**Given material**.
Content starts
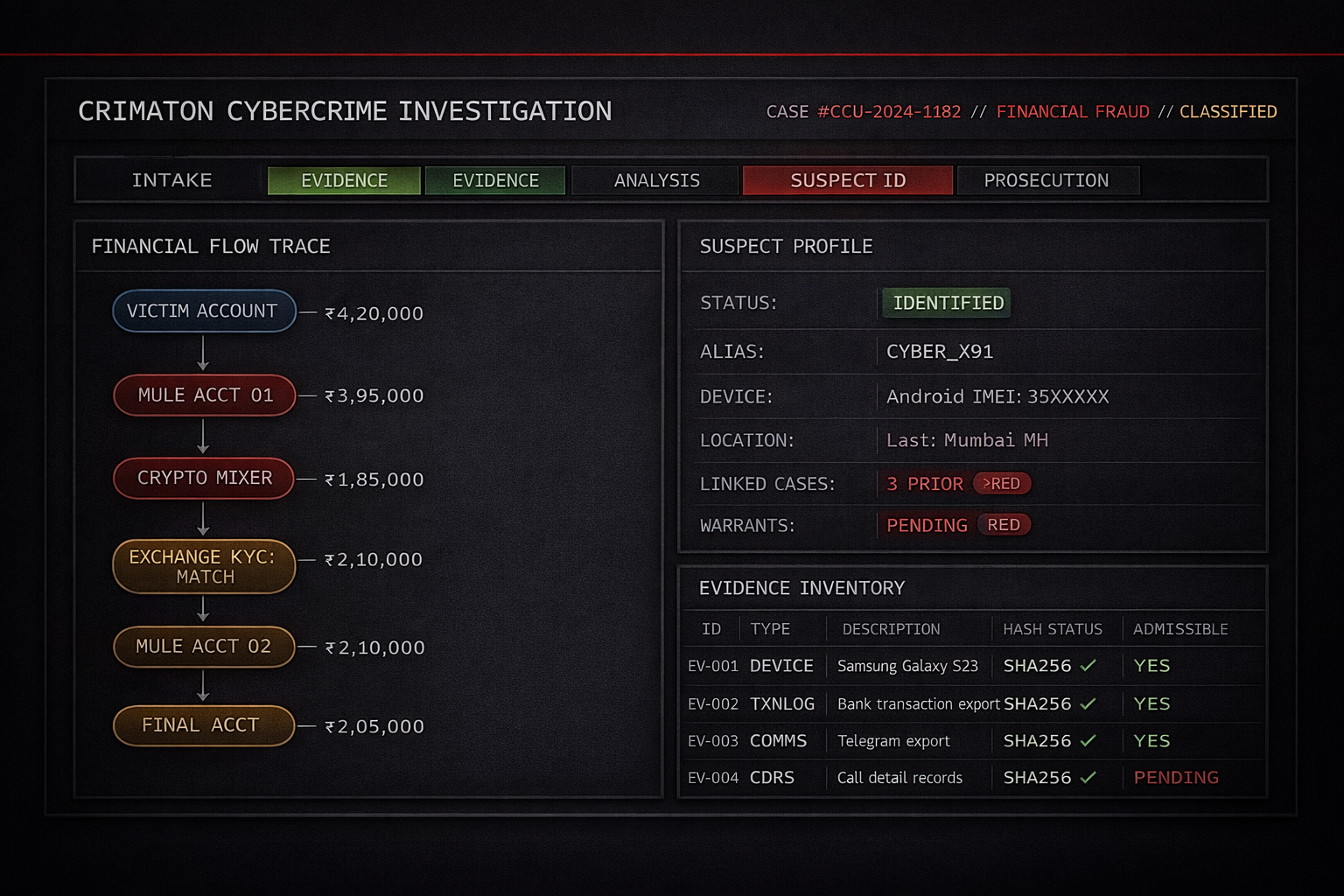 Specialized forensic software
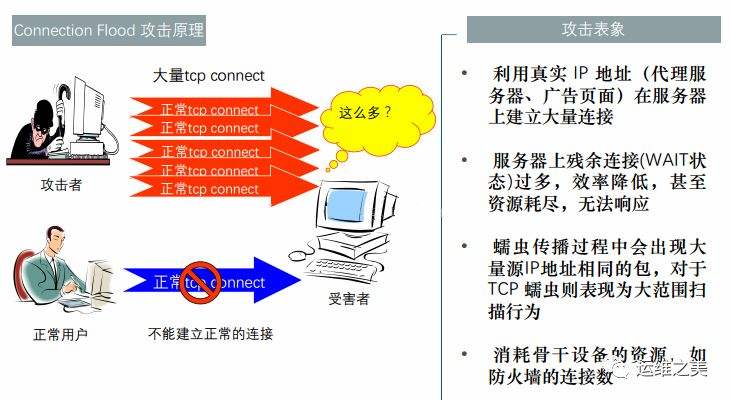 ddos防御(ddos防御价格)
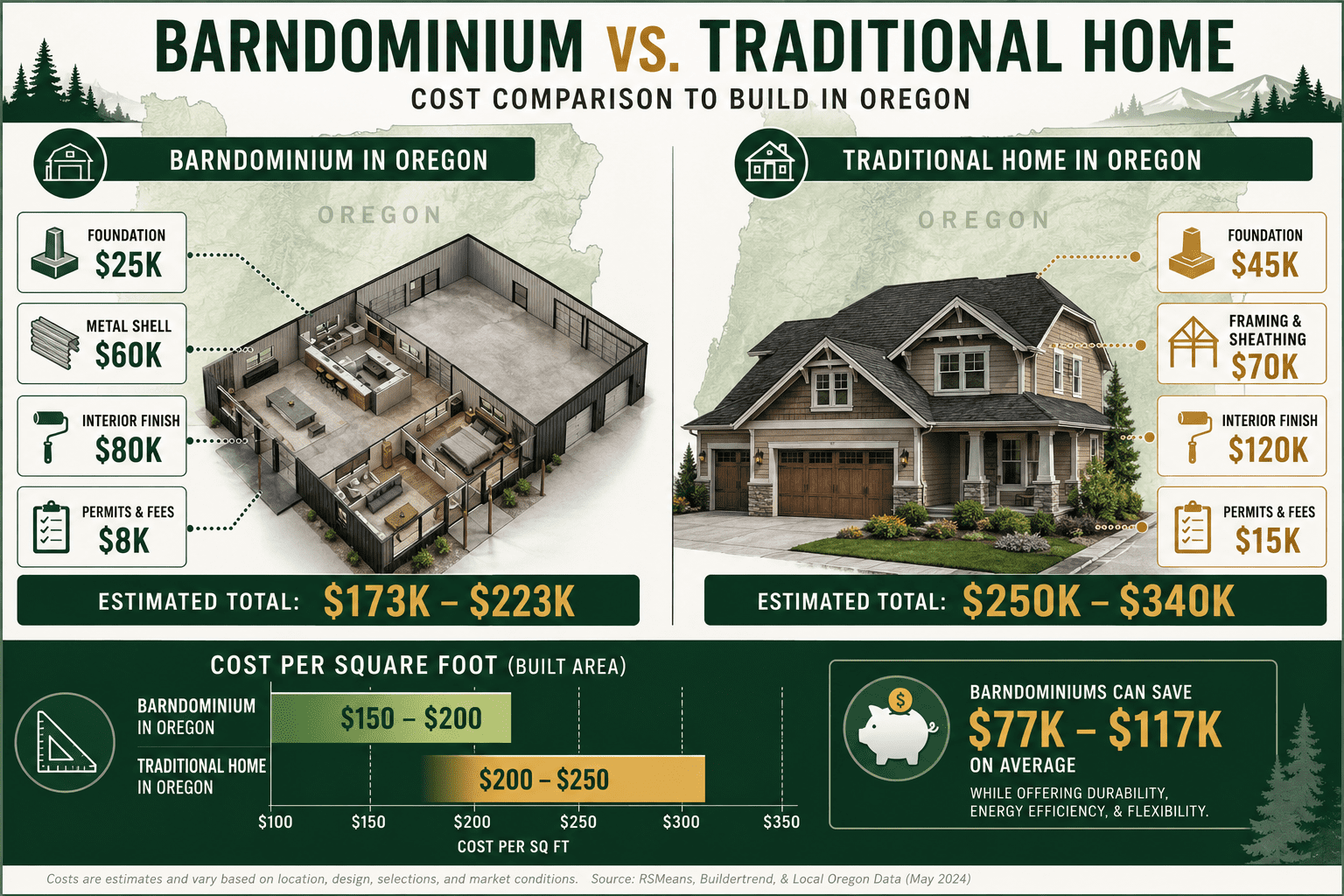 Barndominium Oregon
Content ends
**Exercise**.
In copying the material, drop all pictures and keep everything else identical.

**Solution to this problem**.
 Specialized forensic software
 ddos防御(ddos防御价格)
 Barndominium Oregon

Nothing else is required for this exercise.